Task instructions
Could you give back exactly the lines below from the one with "sunrise over a wind farm" through the one with "Grader is working", without a single picture?

Records for processing

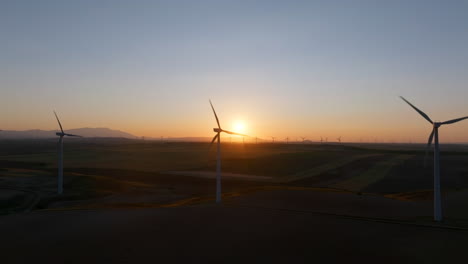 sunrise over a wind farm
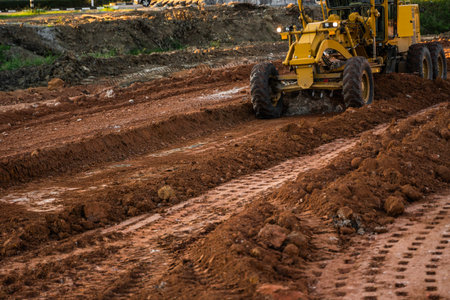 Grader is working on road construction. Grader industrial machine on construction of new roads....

* * *

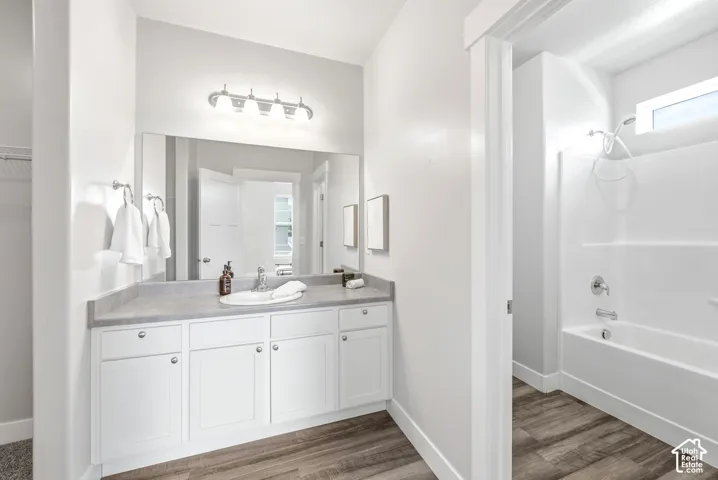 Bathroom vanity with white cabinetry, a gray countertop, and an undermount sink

Written reply
 sunrise over a wind farm
 Grader is working on road construction. Grader industrial machine on construction of new roads....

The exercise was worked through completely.